Rula Lenska was in the French sequence as a lonely wife of a café owner, striking a note of poignancy as she loves Alfie but he simply sees her as a fling (and an excuse for director Ken Hughes to get more nudity in the film). Her big break, aside from shampoo commercials, was on drama serial Rock Follies, where she sang in what was fair to say not quite as accomplished a style as her two co-stars in the fictional group she belonged to, The Little Ladies, though her huskier tones were not unappealing. There was a spin-off and Lenska, Julie Covington and Charlotte Cornwell hit the charts for OK? with Sue Jones-Davies, reaching no.10 with a rock-pop effort in keeping with the show.

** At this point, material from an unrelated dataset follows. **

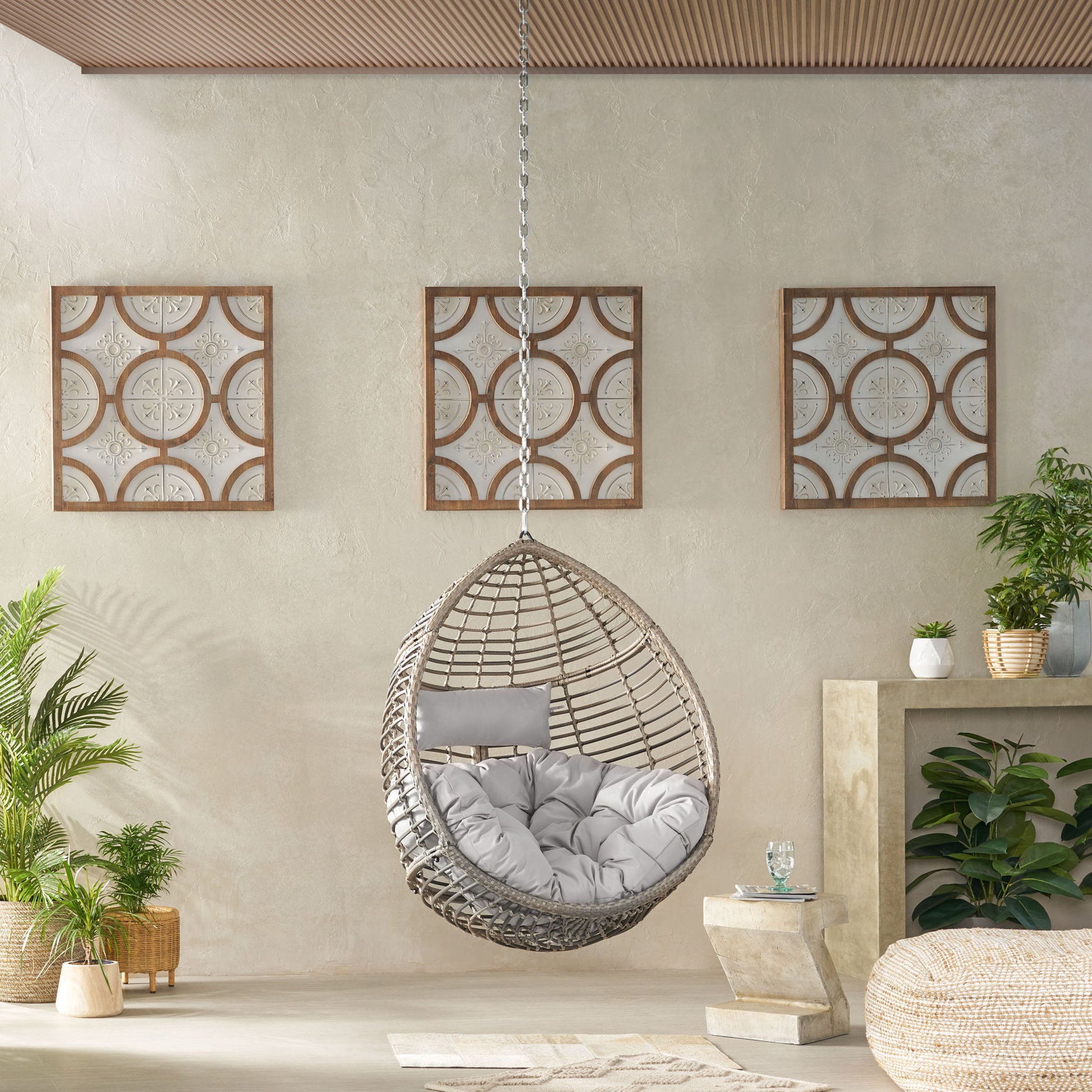 Morris Teardrop - Hanging Chair With Chain And Water Resistant Cushions Noble House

Scottish jazz singer Annie Ross played Alfie's neighbour down the hall who openly despises him, but as many viewers will expect ends up seducing him in the last act, perhaps surprisingly also getting her kit off (if it's any consolation, Price is seen in the buff a couple of times as well) for a comedy bit. She may be best known for terrifying kids when she was turned into a robot in Superman III, but she had well-considered albums out too, her best known song being the tongue-twisting, skippy little ditty Twisted, which wasn't a hit single but made an impression when on various early 1960s episodes of variety television.

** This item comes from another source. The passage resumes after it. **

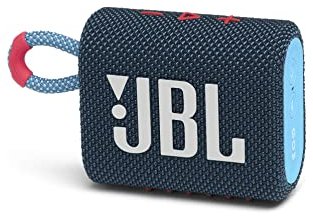 JBL GO 3 – Enceinte Bluetooth portable et légère, aux basses intenses et au style audacieux – Étanche à l’eau et à la poussière – Autonomie 5 hrs – Bleu / Rose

The most famous conquest of Alfie was Joan Collins, in pre-Dynasty seventies phase of taking any job she could get to keep her head above water, which may make you more sympathetic towards her in this as the posh bird our antihero beds as much for her pleasure as his own; she has a few words of wisdom too. Her most notorious effort as far as singing went was on the 1983 single she released with The Royal Philharmonic Orchestra as a tribute to John Lennon, that's right, her cut glass vocals spoke (rather than sang) the late Beatle's Imagine over a cringemaking over the top backing, heavy on the violins. Her performance of The Boys in the Backroom on Dynasty is notable too.

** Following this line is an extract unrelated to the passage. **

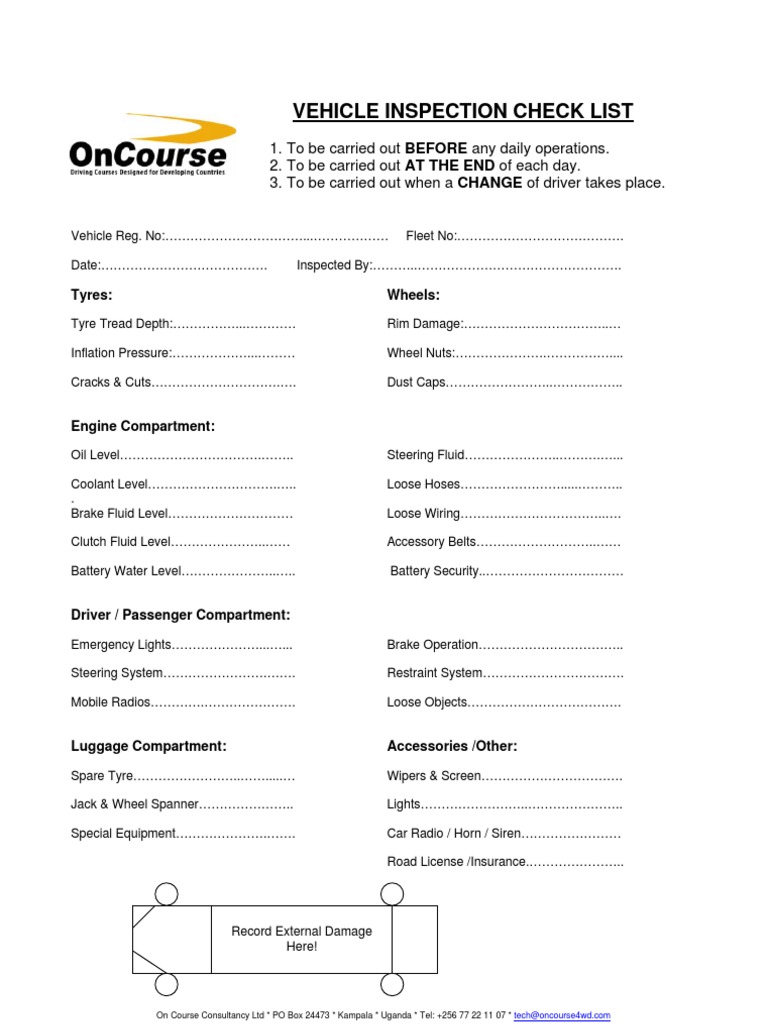 Vehicle Inspection Checklist Template | PDF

Sheila White was Alfie's live-in girl who oddly didn't live with him, but her vulnerable nature was supposed to show how callous he was as he reassures her then has his wicked way with her anyway. She had a dual career as a professional singer, best known in France with a light, pleasing style and songs like Olive - no, she wasn't in sitcom On the Buses, but she was in Confessions of a Window Cleaner and its sequels. Someone else was in the cast who had a singing career, but not until the eighties, for Patsy Kensit played Hannah Gordon's little daughter briefly, she would find brief fame with Eighth Wonder and big hit I'm Not Scared in 1988 before acting resumed as her concern.
In smaller roles were television presenter Jenny Hanley as a receptionist at the magazine - she didn't release any records - and Minah Bird, who plays the fiancée of Alfie's best pal Paul Copley, who does not appear to have released any either. None of these compares to Price's endeavours in music, which he may have wished he had stuck with after O Lucky Man!, but Alfie Darling does at least pickle in time a very specific set of attitudes towards women in the seventies that you could argue have not entirely been shaken off in many quarters. That it ends on a forced note of tragedy to try and one-up the original is a mistake: sticking with the humour might have been a better bet, but fans of music-related movies (Price had a couple of self-sung tunes on the soundtrack) would be captivated.